Share your dilemmas and get honest opinions from other Mumsnetters.

SIL knowingly took DD out in her pjs

485 replies

pollydolly09 · 05/03/2023 09:56

DD (2years) normally spends one day of the week with SIL. The night before she had spent at my mums who didn't have any clothes for her to get her dressed in the morning, but knew SIL had some as she checked with her beforehand.

Later in the day, SIL posted a picture of DD in a coffee shop. DD was in her pjs. I asked SIL why she was still in pjs and she said she didn't know she wasn't dressed when she picked her up as she already had her coat on and they went out straight away.

I asked my mum what happened during pick up. She said she apologised for not getting DD dressed in the morning, she didn't have any spare clothes but knew SIL did so thought she would get DD ready before taking her out.

So either my mum is lying or SIL is.

Besides the point, you can tell what a child is wearing underneath their coat. DD's coat goes to just above her thighs. SIL would have been able to see her pj bottoms.

Mentioned this to DH who said he'd speak to SIL, but I don't think he has yet otherwise he would have informed me of the outcome of her conversation.

I've also now made a point of getting DD fully dressed before she goes to SIL. DH normally drops her off first thing, before she's even had breakfast, so she isn't dressed as SIL will dress her before going out (well I thought so anyway).

So AIBU to think that SIL knew DD was in her pjs and took her out anyway?

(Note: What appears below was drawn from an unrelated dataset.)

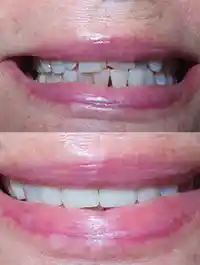 Close up picture of a BDC Patient Before and After treatment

This happened a week ago, but I can't get it off my mind. I don't know if I should just let it go, but it just makes me so angry that my poor baby was taken out looking unkempt.

OP posts:
SeasonFinale · 05/03/2023 16:56

She is 2. So what.

bussteward · 05/03/2023 17:04

SeasonFinale · 05/03/2023 16:56

She is 2. So what.

Well, it’s a gateway drug, isn’t it. First it’s pyjamas in a cafe. Then it’s having fun in the park. Next it’s kicking off her shoes to climb a tree. She’ll end up in the school playground, playing hopscotch with her tie askew, leading a game of jump rope with her shirt untucked. Having – whisper it – fun.

MidgeHardcastle · 05/03/2023 17:15

You seem a bit obsessed with close relatives 'lying' to you. Myself I would immediately think that there was a bit of miscommunication or both of them thought it was no big deal. Honestly, you will give yourself an ulcer thinking the worst of people all the time.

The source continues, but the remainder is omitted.